La guerra sí es inclusiva. No hay justificación ni existe consuelo posible. En ella no se evidencia belleza real alguna, ni de género, ni de número, ni de resultados, como no la hay en la cobardía. En el conflicto hay equívocos reflejos de algo que se puede asemejar a lo sublime. Existen destellos de valor, estrategia, juego, negociación, orden, respeto, equilibrio, inspiración -arte, documentales, cine, teatro…-, precisamente en todo aquello que nos podría servir para entender que hay que alejarse del conflicto. Tras la batalla, en su escenario, fuere el que fuere, no aparece atractivo ni perfección ni aspiración racional alguna que pueda justificar tanto desastre.
Mañana, en Ucrania o en Yemen, habrá otros muertos que tampoco serán incumbencia de nadie. Las responsabilidades volverán a diluirse. En cada confrontación, con cada víctima fracasaremos un poco todos los humanos racionales. Con cada fallecido moriremos un poco todos, con cada herido, sufriremos. Lo estaremos haciendo en favor de intereses espurios que nunca entenderemos. La factura la pagaremos en la conciencia colectiva si la tenemos, pero también en el recibo del gas o de la gasolina o de la electricidad o de los alimentos. Antes ya sufragamos Vietnam, Afganistán, la destrucción de Líbano -la Suiza de Oriente Próximo, Libia, Siria, o tantas otras barbaridades.

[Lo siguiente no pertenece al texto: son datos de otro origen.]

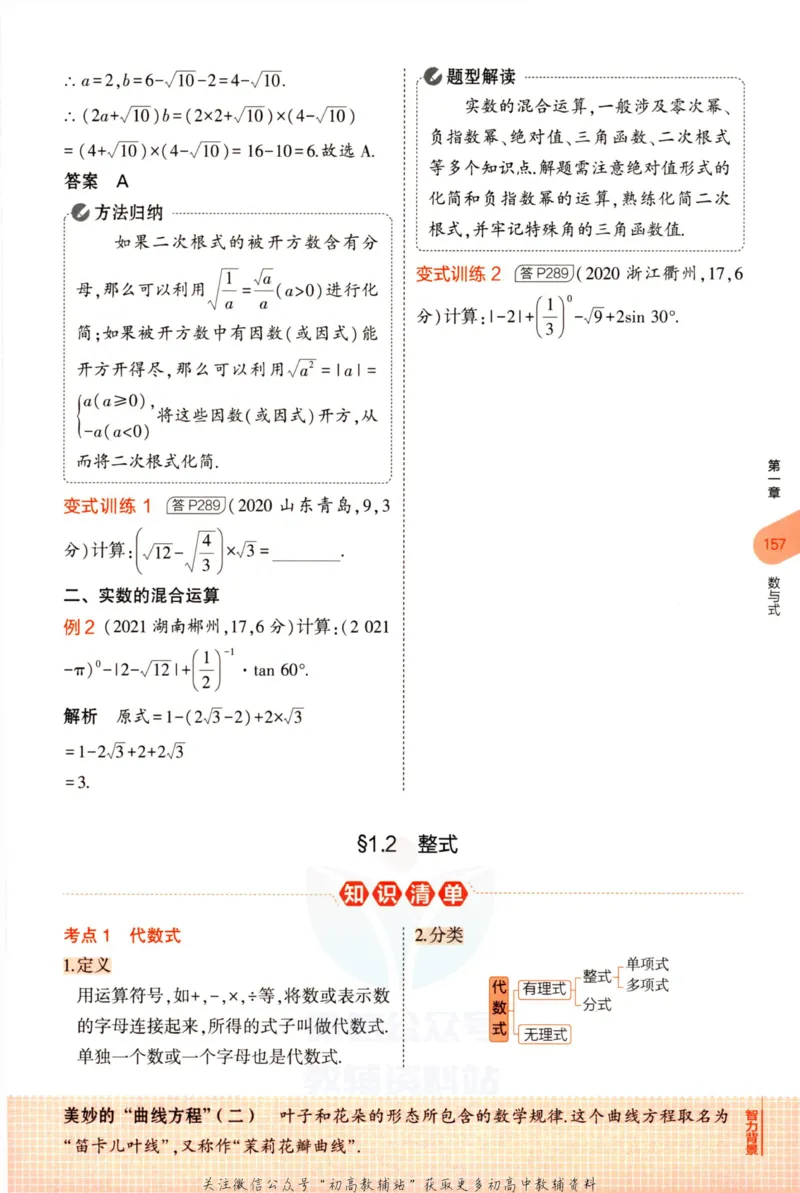 2023版《5年中考3年模拟》中考数学知识清单_53中考总复习_2023版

No necesitamos ni a chinos ni a putines enfrentados, ni a cualesquier otros. Necesitamos la paz y la salud, sentido común, respeto por el otro, solidaridad con los países más débiles. Eso dice el manual de corrección de la derrota vital que nos atenaza. El rumbo no debería desviarse de la trayectoria que determina el sentido común. Mas hoy “huele a pólvora”, como proclamó Octavio Paz. El hedor es nauseabundo y no parece haber mascarilla ni vacuna que lo evite.